The rise of climate change has shown serious concerns for the dryland agricultural industry. Dryland refers to rain-dependent places with minimum or no accessibility to surface water. Dry farming refers to special agricultural reforms to cultivate crops in natural non-irrigated areas. Without access to any flowing river or standing water body, farms in these lands are highly affected by dry seasons and suffer significant losses during periodic droughts. Transformative dryland farming techniques can make positive contributions towards the growing demand for food production and adverse impacts of climate change.

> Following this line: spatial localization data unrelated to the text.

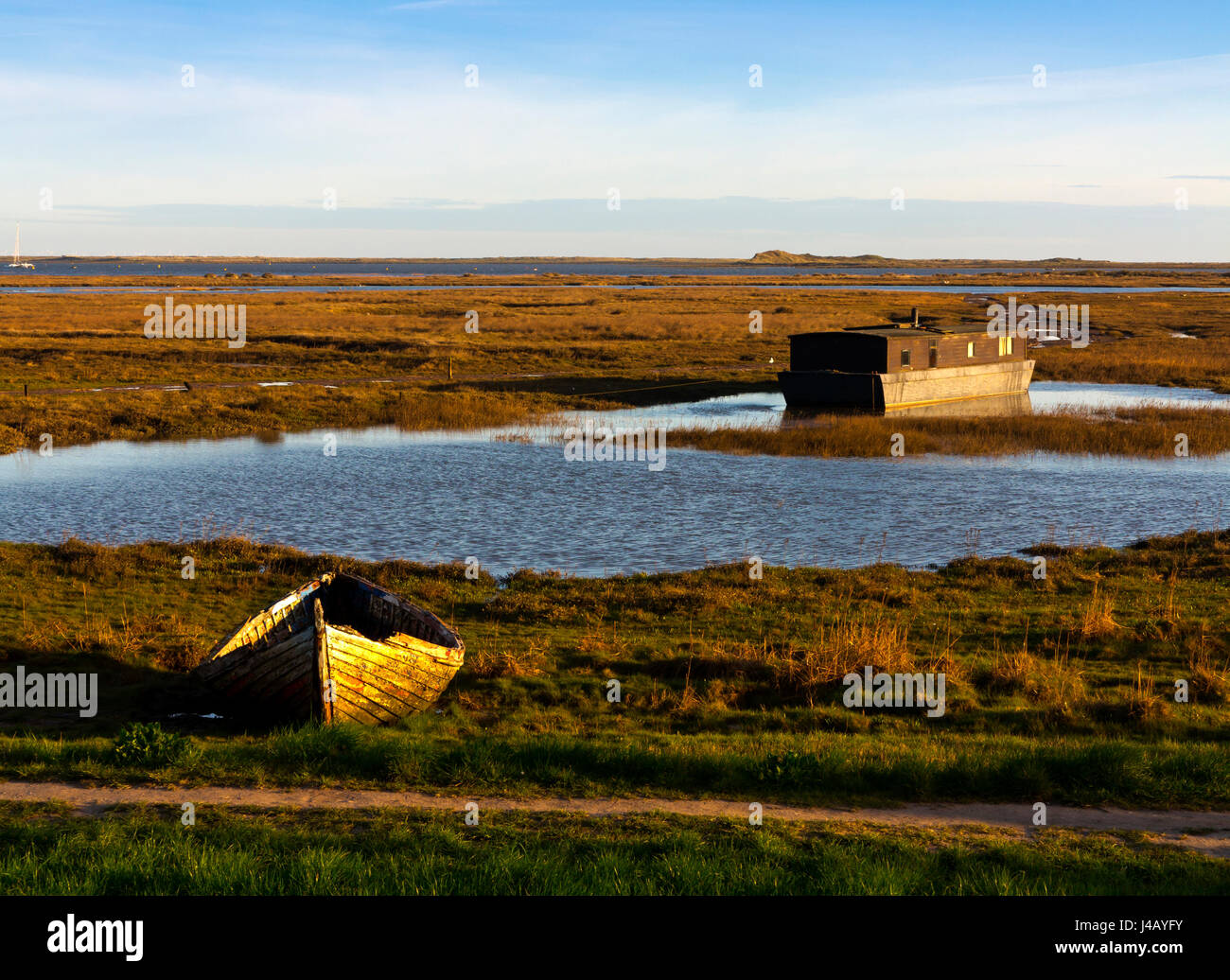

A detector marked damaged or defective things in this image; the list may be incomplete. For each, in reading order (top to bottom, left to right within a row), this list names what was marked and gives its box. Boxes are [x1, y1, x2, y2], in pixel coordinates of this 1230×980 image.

rusted metal structure [776, 318, 1022, 412]
rusted metal structure [197, 571, 466, 726] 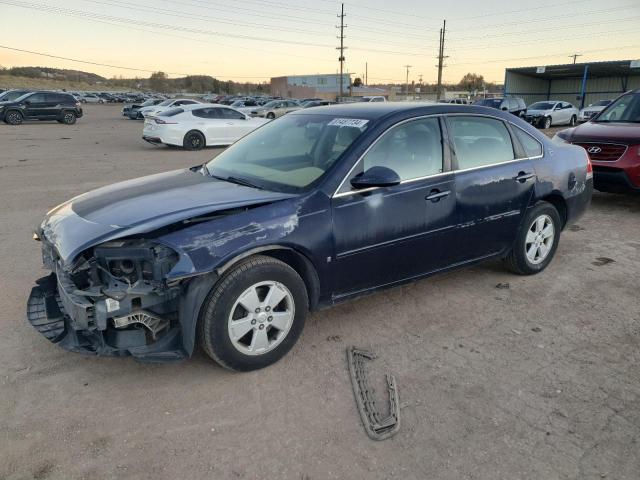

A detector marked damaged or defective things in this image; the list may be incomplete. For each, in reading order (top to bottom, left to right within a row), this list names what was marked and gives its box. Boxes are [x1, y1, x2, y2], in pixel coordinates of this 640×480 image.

crushed front end [28, 234, 188, 362]
damaged blue sedan [27, 103, 592, 370] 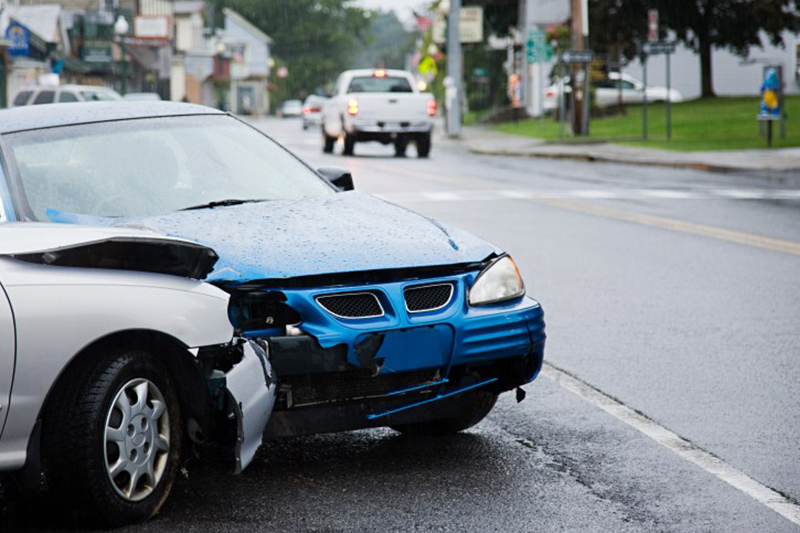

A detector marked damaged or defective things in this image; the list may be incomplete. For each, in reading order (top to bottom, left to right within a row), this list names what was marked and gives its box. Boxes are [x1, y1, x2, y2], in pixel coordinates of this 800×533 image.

broken plastic trim [7, 236, 219, 278]
damaged blue car [0, 103, 544, 440]
broken headlight [468, 256, 524, 306]
broken plastic trim [223, 338, 276, 472]
broken plastic trim [366, 374, 496, 420] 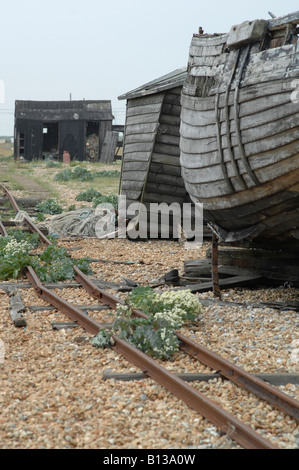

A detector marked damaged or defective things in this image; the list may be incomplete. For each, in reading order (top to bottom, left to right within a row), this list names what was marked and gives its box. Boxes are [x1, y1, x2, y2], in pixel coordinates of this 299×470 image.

rusty rail track [1, 183, 298, 448]
rusty rail [1, 184, 298, 448] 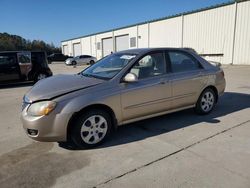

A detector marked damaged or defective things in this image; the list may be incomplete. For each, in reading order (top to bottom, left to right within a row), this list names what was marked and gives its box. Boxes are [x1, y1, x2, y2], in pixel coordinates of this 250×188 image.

crack in pavement [93, 119, 250, 187] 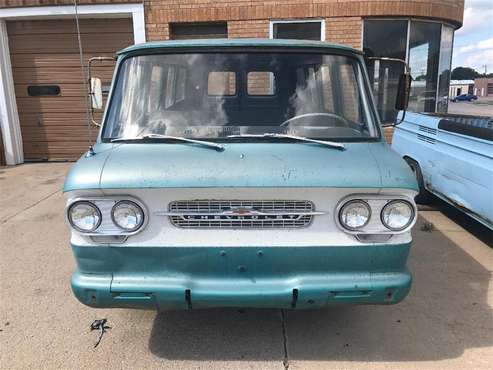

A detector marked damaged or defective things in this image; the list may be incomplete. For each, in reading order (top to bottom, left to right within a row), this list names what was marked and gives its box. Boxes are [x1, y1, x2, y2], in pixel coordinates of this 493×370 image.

cracked windshield [102, 51, 374, 139] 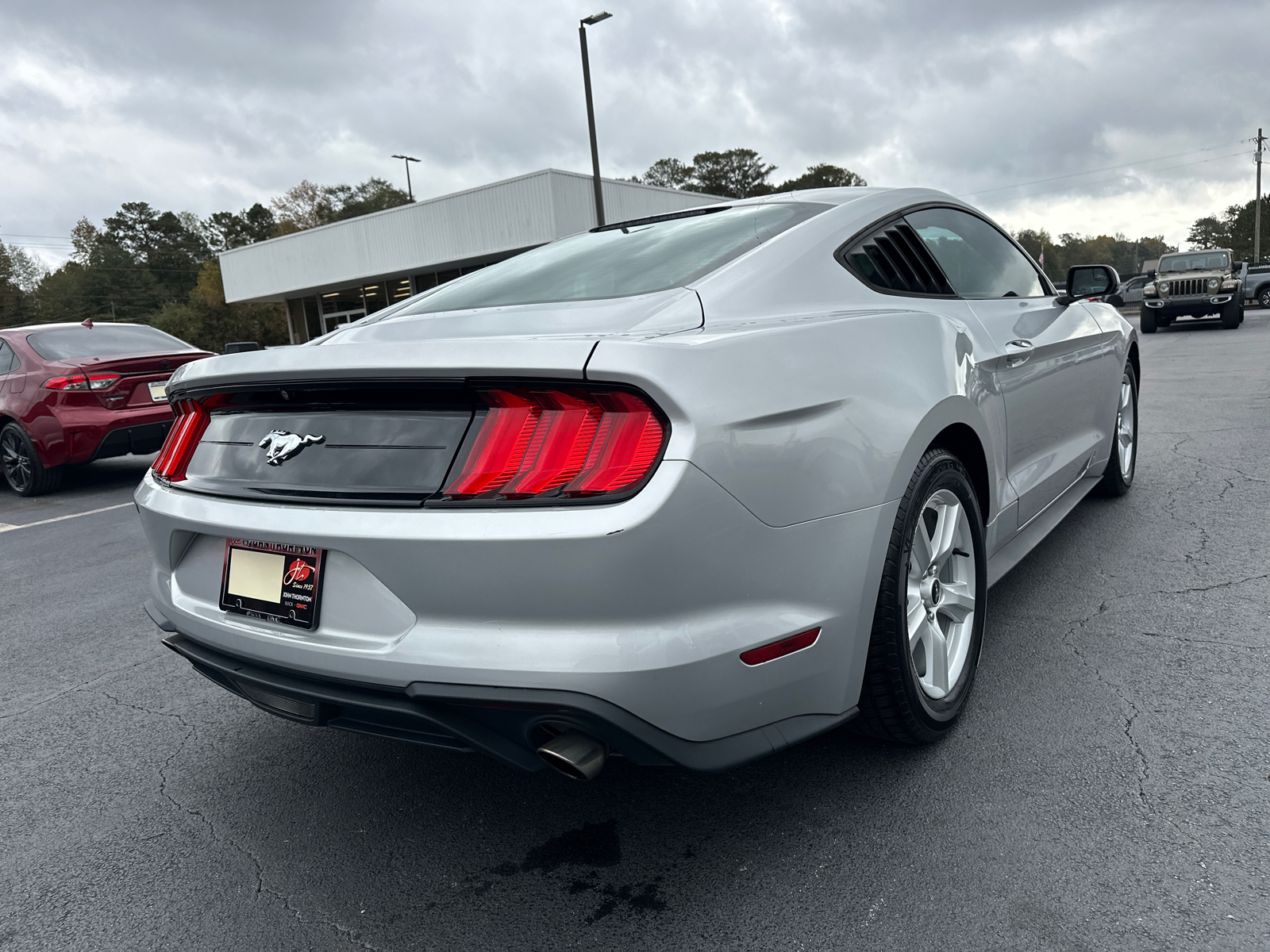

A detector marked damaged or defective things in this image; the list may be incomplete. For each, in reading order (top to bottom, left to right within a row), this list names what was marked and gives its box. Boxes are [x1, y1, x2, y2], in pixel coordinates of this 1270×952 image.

crack in asphalt [98, 695, 381, 952]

While the pertaining problems attached with dryland farming like moisture stress and uncertain rainfall stand looming, a strategic approach can yield a much beneficial result for farmers located in arid places. Remedial measures for improving crop productivity include effective rainwater harvesting, advanced irrigation techniques, improved soil and water conservation, and the use of good quality seeds.

Rainwater Management:

When natural water is scarce, heavy emphasis is laid on effective conservation and management of rainwater. Farmers can utilize compost or by raising legumes to increase the capacity of the soil to hold more amounts water. The excess water, or otherwise termed runoff water, should be conservated and stored in dugout ponds.

Dry Land Agriculture

Watersheds help optimize the use of scant water levels, prevent soil erosion, and improve water accessibility. Watershed management is a revelation, as it will cease further soil deterioration and restore fertility in damaged field patches. Another common technique while farming on slope or terrace areas is to build water cisterns. These leakage-proof receptacles can store a good amount of rainwater and can be later used for drip irrigation to increase soil moisture.

Modern Irrigation Tools:

In the age of technological advancements, it would be unwise to not consider modern agricultural equipment and techniques that can foster better yield productivity in drylands. One such tool is the hand and treadle pump, which are now more commonly adopted throughout the globe. These low-cost pumps are useful to manually pump water from wells as deep as seven meters or less.

Moreover, traveling irrigators can improve soil moisture and pasture production. The unique continuous drive mechanism help irrigate odd-shaped areas and around existing infrastructure. Farmers can also install a SWAR root moisture control system to catch excess rainwater and redistribute water across the field more equally.

Improved Crop Knowledge and Management:

Farmers working in drylands should remain mindful of what crops should be considered. Not every crop is suitable with the given quality of terrain and weather conditions. However, a variety of arable crops can be cultivated in dryland conditions including cereal grains, leafy vegetables, grain beans, and pulses. The farmer should remain well informed of the root crops and vegetations that are suitable for dryland farming. Moreover, crop planning is imperative as crop varieties with shorter harvest duration and high tolerance should be prioritized. The crops that can be collected within the rainfall period add high yielding profits for the farmer and can be maintained more adequately before harsher conditions begin.